# I need help with noble ranks



## Zweee (Mar 25, 2014)

My story is set in a fictional world but has a 1800s feel to it. I'm just having a little bit of trouble with the hierarchy of the nobles. I also want it to follow a the system a Scandinavian country would have. If there is a difference.

I have a character that is a noble, has a large tract of land, but is not related to the royal family. (At least not closely.) What is the highest rank that he could likely be? An Earl?

Also what would his son be? His wife?

How would servants address him, his wife and his son.

What would his home be called? An estate, fiefdom, manor?

Does know some good resources for this kind of thing. I did browse around but I didn't find anything specific to Scandinavian titles.


----------



## icerose05 (Mar 26, 2014)

Do you mean like vikings? A viking social class? Or like princess, princes, barons, dukes and duchesses?


----------



## skip.knox (Mar 26, 2014)

Duke or Count will do. Wife is Duchess or Countess. Son is nothing, until the old man kicks off.

Earls are English (even though the title comes from Coerl, a Scandinavian word). And late medieval at that, though that's fine for your scenario.

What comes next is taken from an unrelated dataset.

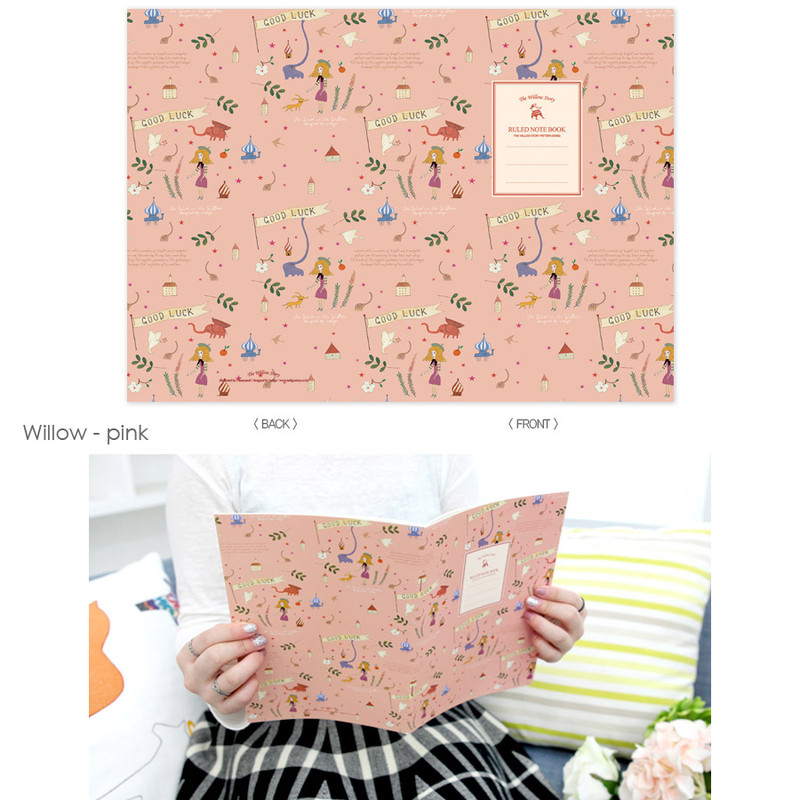 Willow pink - Cute illustration school lined notebook Willow pink - Cute illustration school lined notebook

But, seriously, did you do zero research? A simple search on "swedish noble titles" gave me plenty to work with. I picked Sweden but you could choose Danish or Norwegian or Finnish if you prefer.


----------



## icerose05 (Mar 26, 2014)

skip.knox, maybe they didn't know what to look for, or where to look? All I typed in was scandinavian noble hierarchy, and didn't find a lot.


----------



## Zweee (Mar 26, 2014)

From what I could find, Dukes are generally closely related to the king and almost all the literature is related to an English system. I did look up Scandinavian Noble Hierarchy and got a lot of names without titles attached.

But he feels like a Duke to me and maybe that's what matters the most.


----------



## Caged Maiden (Mar 26, 2014)

here's a place to start.  It gives title in England, but it might help you to determine how to address people.  Terms of adress are sort of specific.  http://mythicscribes.com/forums/writing-resources/10903-elizabethan-compendium-common-knowledge.html


----------



## Caged Maiden (Mar 26, 2014)

if you're doing an 1800's feel... you probably want to stay away from Medieval systems which dealt with serfs.  You would either have slaves or hired help for everything.  Also... many nobles had a town home and a country estate or two or three.  Consider how best you can create the feel you're going for in the time period you choose.  It wouldn't make much sense for Victorian morals and science and ideals to be jammed together with a Dark Ages social structure.  There were reasons the world developed why it did and you have to consider a bigger picture when combining multiple facets of our actual history.


----------



## Queshire (Mar 26, 2014)

A Duke is the closest title to the royal family which seems to go against not wanting them to be closely related to them. Earls and Counts are the same thing with Earls a later term for it. They ruled a county and ranked higher than barons who ranked higher than knights. Marquess are ranked above 
counts but below dukes. It looks like they got lands about the same size 
as a Count or so but they were traditionally located at the edge of the 
country so they had to be prepared to fight off invasions and were thus 
ranked higher than Counts. However when invasions by hostile barbarians 
stopped becoming an everyday thing that reason stopped being so obvious
 and it became mostly tradition that kept them above a count. You could 
have the character be a Jarl which is the Scandinavian equivalent to an 
Earl which is the same as a Count. I don't know if there's any other special Scandinavian titles though, sorry. This page has a lot of info about titles: Royal and noble ranks - Wikipedia, the free encyclopedia


----------



## Graylorne (Mar 26, 2014)

If you want a clear picture of nobility, I'd say don't use the Scandinavian ones; they are, compared to other countries, pretty obscure 

The English system, and the ones in Germany, France etc have grown from the early Medieval times till now. The Scandinavian system was completely changed in the 16th century. Titles like Jarl don't exist any more. Present Dukes in Sweden are all members of the Royal House of Bernadotte. The highest title for nobility is Greve (count). All comparisions with English titles are shaky.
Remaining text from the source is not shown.